Pendudukan Jepang atas Indonesia, yang kemudian mengambil alih NIROM, menjadi titik mula Ma'ing produktif menciptakan lagu-lagu bertema perjuangan. Di seputar periode 1945, lahir lagu-lagu yang kelak melambungkan namanya, seperti "Rayuan Pulau Kelapa", "Indonesia Pusaka" dan "Halo-halo Bandung". Di masa itu pula, terlahir lagu "Gugur Bunga", yang terilhami oleh kesedihan ditinggal wafat sang ayah.

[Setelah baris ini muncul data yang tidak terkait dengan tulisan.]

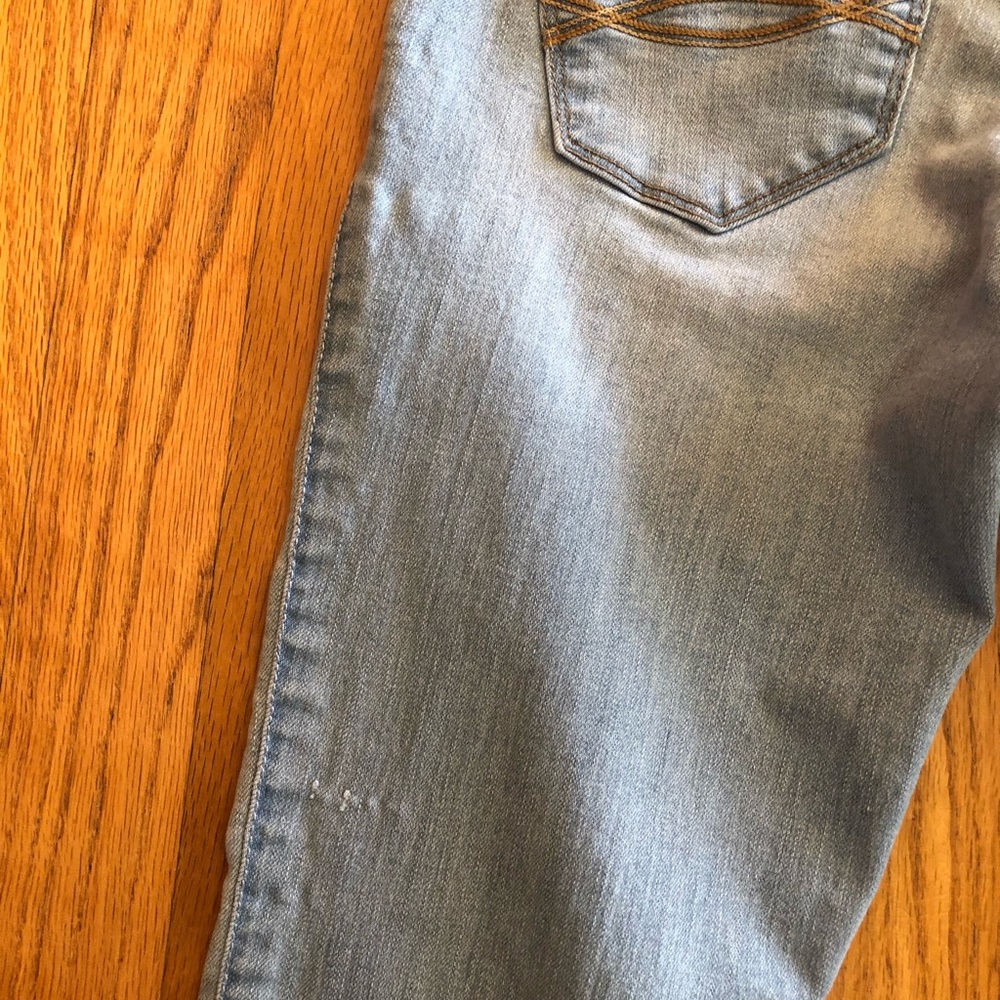 Girls Abercrombie Jeans - Picture 4 of 4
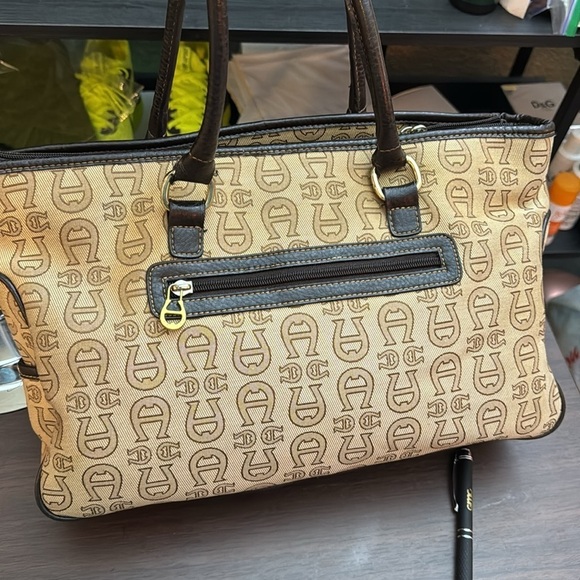 Authentic Etienne Aigner shoulder bag - Picture 5 of 7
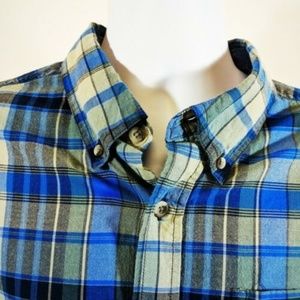 VINTAGE Woolrich Plaid Button Down Short Sleeves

Semangat patriotisme tak kemudian menghentikan Ma'ing menulis lagu bertema cinta. Bedanya, tembang-tembang romantis itu dihadirkan dalam lantar heroisme perjuangan, seperti lagu "Sepasang Mata Bola", "Melati di Tapal batas", dan “Saputangan dari Bandung Selatan".

Ma'ing alias Ismail Marzuki menutup usia pada 25 Mei, 1958, pada usia 44 tahun. Dia meninggal akibat sakit paru-paru yang dideritanya sedari muda. Sejak 1968, Ismail Marzuki diabadikan menjadi nama pusat kesenian milik pemerintah DKI Jakarta. Pada 2004, musisi jenius dari Tanah Betawi itu dihadiahi gelar Pahlawan Nasional oleh Pemerintah Indonesia. (Diolah dari berbagai sumber).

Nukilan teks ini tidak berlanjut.